On 2 March 1989, the II section of the Court of Assizes of Appeal presided over by Renato Cavazzoni accepted the requests of the public prosecutor but, although the accusation was changed to voluntary homicide, recognized the mitigating factor of anomalous participation, thus significantly reducing the sentences: Costa went from 15 years to 11 and 4 months; Ferrari Bravo from 15 to 10 and 10 months; 7 years and 9 months in Colosio instead of 15; 7 years instead of 13 in Belpiede; 6 years and 3 months in Castelli, Colombelli, Montinari and Scazza instead of the initial 11-12.

On 23 January 1990 the first section of the Court of Cassation chaired by Corrado Carnevale rejected the request for recognition of premeditation and the defense appeals confirming the second degree sentences. In the scenario of a justice that leaves perplexing, it should also be remembered that some of the then medical students convicted, later, they made a career in the medical sector, holding prestigious hospital roles.

An epilogue that smacks of injustice but no one talks about it. And who tries to give voice to victims deliberately silenced, is silenced in turn. A tenacity which, paradoxically, has given rise to a publishing house with the intention of giving voice to victims and characters promptly thrown into limbo due to their political affiliation.

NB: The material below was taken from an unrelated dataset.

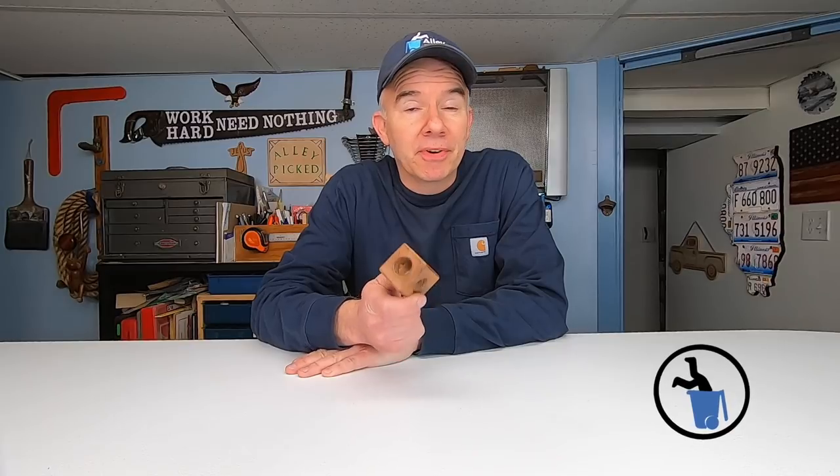Here's a fun little puzzle you can build in about half an hour. I bought this at an estate sale about 10 years ago, and I was puzzled by it for a long time.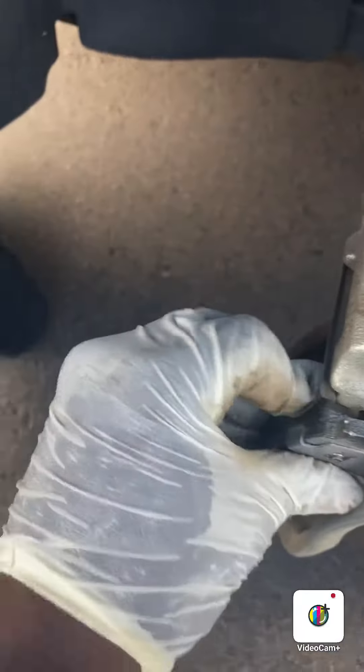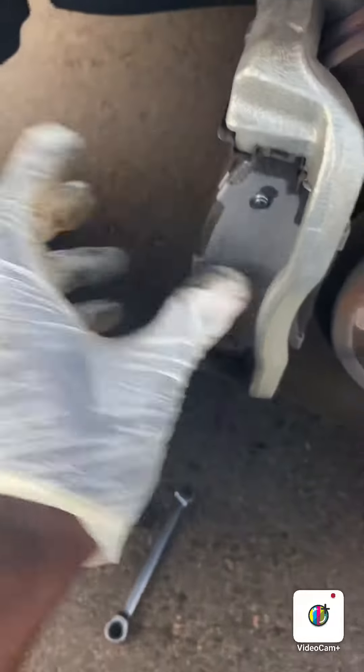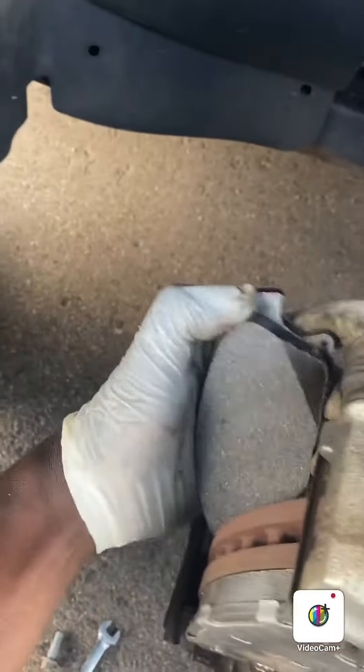Just like that — line it up in the groove, make sure it locks in there. Grab your other one, make sure it does the same thing. There we go. Yeah, this one's gonna be a little bit stubborn, but we're gonna get it in.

We’re talking about Ferrogallico, the publishing house of “stubborn and contrary” comics born precisely from a “No”, as told by its publisher Marco Carucci in 2019, on the occasion of the presentation of his editorial creation to the cultural association Il Ramo d’Oro: “It had been at least 3/4 years since I had decided, as an old Milanese militant, to tell the story of Sergio Ramelli in a slightly different way from how it had been told in books and stories. I myself wanted to find a way to continue to pass on Sergio’s story through a new tool, especially for young people.”

Hence the idea of ​​using comics, which led the publisher to write the screenplay by Sergio Ramelli. Once the script was done, however, a designer was missing. An absence that pushed the authors to knock on various publishing houses, whose “Yes”, once the script was read, became “No”. And it is precisely from those “No” that Ferrogallico came to life, just as told by its own publisher: “that’s where Ferrogallico was born: from a No”. A “No” which, in May 2017, led to the publication of the first comic of the publishing house, dedicated precisely to that young MSI man who was barbarically murdered just because he “dared” to say “No”. “No” to the injustices and crimes suffered by MSI members.

A “No” which, in fact, Ramelli expressed it loud and clear in a school essay, in which he condemned the Red Brigades, adding a note of blame towards the political world for the lack of institutional condolences faced with the death of two MSI militants, Giuseppe Mazzola and Graziano Giralucci, killed during the assault on the MSI headquarters in Padua the previous year (17 June 1974). A theme that became the “head of the indictment” giving rise to a sort of school “political process”.instituted against Ramelli by students who accused him of being fascist.

A process that ended with the boy’s death sentence, but which, in the end, made it eternal.